__PROVIDED DATA__
╭──

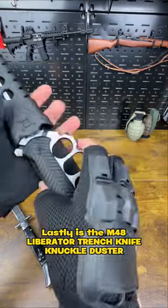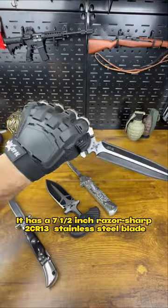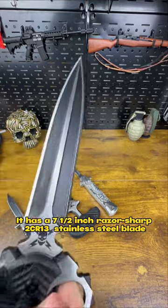Lastly is the M48 Liberator Trench Knife Knuckle Duster. It has a 7.5-inch razor sharp 1-3 stainless steel blade.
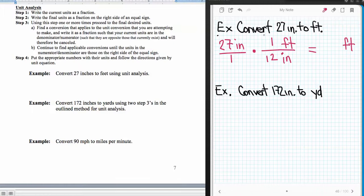Now I'm simply going to do my canceling. I have 27 and 12 — do they have anything in common? Yes, they have a common factor of 3. So 3 comes out of 12 leaving 4, and 3 comes out of 27 leaving 9. Then 4 goes into 9 two times with one left over. So this is two and a quarter feet, or as a decimal, 2.25 feet.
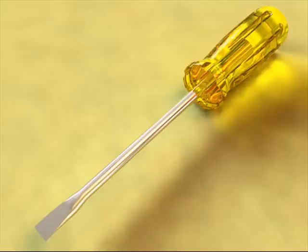A screwdriver can be found in many dad's garages. A screwdriver is a screw as a simple machine — it is an inclined plane wrapped around a cylinder with a wedge as the tip. A screwdriver helps us fix things and sometimes open things so we can put batteries in them.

╰──

__WHAT YOU WILL DO__
Across all the lines above, repeat the wording exactly and omit the pictures.

__ANSWER SPACE__
Lastly is the M48 Liberator Trench Knife Knuckle Duster. It has a 7.5-inch razor sharp 1-3 stainless steel blade.
Now I'm simply going to do my canceling. I have 27 and 12 — do they have anything in common? Yes, they have a common factor of 3. So 3 comes out of 12 leaving 4, and 3 comes out of 27 leaving 9. Then 4 goes into 9 two times with one left over. So this is two and a quarter feet, or as a decimal, 2.25 feet.
A screwdriver can be found in many dad's garages. A screwdriver is a screw as a simple machine — it is an inclined plane wrapped around a cylinder with a wedge as the tip. A screwdriver helps us fix things and sometimes open things so we can put batteries in them.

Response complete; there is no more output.